The task: Taking the line with "class='lyric-link' data-album-code='gd' data-song-title='Sorry" as the start, reproduce every line until the records end, exactly and with nothing added.

Listed entries:

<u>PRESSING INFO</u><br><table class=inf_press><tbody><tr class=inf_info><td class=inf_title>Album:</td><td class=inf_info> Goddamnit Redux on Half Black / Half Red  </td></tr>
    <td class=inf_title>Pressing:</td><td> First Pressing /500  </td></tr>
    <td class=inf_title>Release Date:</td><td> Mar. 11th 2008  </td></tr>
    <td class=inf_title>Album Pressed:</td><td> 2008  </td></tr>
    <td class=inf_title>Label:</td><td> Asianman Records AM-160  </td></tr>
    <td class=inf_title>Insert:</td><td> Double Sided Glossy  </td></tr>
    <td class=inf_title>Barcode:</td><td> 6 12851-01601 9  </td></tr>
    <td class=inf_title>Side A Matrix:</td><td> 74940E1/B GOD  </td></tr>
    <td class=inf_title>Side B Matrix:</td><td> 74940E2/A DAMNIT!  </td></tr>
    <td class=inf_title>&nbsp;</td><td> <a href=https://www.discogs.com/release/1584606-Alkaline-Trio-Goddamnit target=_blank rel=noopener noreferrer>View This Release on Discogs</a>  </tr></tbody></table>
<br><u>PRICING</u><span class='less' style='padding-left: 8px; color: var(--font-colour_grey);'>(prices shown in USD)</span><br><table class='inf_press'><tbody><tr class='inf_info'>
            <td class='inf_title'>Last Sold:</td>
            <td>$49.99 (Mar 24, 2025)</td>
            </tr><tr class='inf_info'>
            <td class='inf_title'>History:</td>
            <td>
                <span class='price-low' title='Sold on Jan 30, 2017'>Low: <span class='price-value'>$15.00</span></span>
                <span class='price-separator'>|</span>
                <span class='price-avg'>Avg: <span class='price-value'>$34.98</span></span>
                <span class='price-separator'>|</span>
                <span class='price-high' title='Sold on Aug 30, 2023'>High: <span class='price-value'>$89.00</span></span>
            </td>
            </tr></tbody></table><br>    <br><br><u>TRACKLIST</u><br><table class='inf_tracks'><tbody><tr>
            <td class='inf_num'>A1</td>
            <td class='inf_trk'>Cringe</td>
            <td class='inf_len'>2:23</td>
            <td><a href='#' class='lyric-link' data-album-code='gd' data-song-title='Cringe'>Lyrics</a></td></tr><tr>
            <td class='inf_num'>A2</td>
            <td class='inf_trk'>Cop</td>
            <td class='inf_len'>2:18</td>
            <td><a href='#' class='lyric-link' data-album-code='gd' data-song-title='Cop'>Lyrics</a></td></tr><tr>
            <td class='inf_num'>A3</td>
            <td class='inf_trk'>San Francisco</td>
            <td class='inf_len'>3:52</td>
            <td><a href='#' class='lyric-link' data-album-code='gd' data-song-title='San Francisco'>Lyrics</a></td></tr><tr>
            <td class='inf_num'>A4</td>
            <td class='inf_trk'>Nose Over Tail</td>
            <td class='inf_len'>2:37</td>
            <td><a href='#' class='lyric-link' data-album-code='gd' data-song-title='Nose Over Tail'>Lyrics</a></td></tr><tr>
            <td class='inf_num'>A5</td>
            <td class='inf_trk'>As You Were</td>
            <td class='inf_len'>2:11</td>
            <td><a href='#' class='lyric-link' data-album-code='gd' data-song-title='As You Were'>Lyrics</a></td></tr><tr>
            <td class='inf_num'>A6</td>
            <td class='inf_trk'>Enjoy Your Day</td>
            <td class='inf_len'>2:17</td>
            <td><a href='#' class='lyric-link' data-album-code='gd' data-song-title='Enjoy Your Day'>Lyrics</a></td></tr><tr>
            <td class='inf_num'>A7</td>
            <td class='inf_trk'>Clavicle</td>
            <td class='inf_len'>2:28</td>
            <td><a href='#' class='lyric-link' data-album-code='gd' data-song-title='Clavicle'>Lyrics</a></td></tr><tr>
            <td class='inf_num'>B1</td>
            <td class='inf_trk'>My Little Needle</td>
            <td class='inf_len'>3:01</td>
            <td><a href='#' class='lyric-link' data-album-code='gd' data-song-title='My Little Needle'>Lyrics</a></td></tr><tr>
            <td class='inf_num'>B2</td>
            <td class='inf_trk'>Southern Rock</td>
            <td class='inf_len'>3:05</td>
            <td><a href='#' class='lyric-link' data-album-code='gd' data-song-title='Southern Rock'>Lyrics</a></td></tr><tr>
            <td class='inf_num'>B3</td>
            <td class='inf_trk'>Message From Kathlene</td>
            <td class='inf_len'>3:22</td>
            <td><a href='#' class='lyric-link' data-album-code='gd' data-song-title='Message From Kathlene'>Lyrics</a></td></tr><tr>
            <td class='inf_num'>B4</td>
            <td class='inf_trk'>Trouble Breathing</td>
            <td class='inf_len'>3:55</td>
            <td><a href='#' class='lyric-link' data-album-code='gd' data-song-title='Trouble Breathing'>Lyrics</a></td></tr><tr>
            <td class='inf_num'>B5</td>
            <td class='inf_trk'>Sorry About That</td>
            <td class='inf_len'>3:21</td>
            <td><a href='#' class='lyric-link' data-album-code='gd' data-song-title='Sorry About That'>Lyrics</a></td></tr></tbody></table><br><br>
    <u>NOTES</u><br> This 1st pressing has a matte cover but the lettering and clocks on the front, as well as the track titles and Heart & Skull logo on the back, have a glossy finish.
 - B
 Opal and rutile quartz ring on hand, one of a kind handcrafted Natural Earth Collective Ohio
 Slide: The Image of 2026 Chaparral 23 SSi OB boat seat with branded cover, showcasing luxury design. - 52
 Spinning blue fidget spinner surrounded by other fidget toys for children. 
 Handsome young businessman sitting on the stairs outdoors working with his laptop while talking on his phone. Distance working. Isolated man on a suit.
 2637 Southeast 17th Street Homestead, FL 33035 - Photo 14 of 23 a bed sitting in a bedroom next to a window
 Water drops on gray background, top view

Your response:
            <td><a href='#' class='lyric-link' data-album-code='gd' data-song-title='Sorry About That'>Lyrics</a></td></tr></tbody></table><br><br>
    <u>NOTES</u><br> This 1st pressing has a matte cover but the lettering and clocks on the front, as well as the track titles and Heart & Skull logo on the back, have a glossy finish.
 - B
 Opal and rutile quartz ring on hand, one of a kind handcrafted Natural Earth Collective Ohio
 Slide: The Image of 2026 Chaparral 23 SSi OB boat seat with branded cover, showcasing luxury design. - 52
 Spinning blue fidget spinner surrounded by other fidget toys for children. 
 Handsome young businessman sitting on the stairs outdoors working with his laptop while talking on his phone. Distance working. Isolated man on a suit.
 2637 Southeast 17th Street Homestead, FL 33035 - Photo 14 of 23 a bed sitting in a bedroom next to a window
 Water drops on gray background, top view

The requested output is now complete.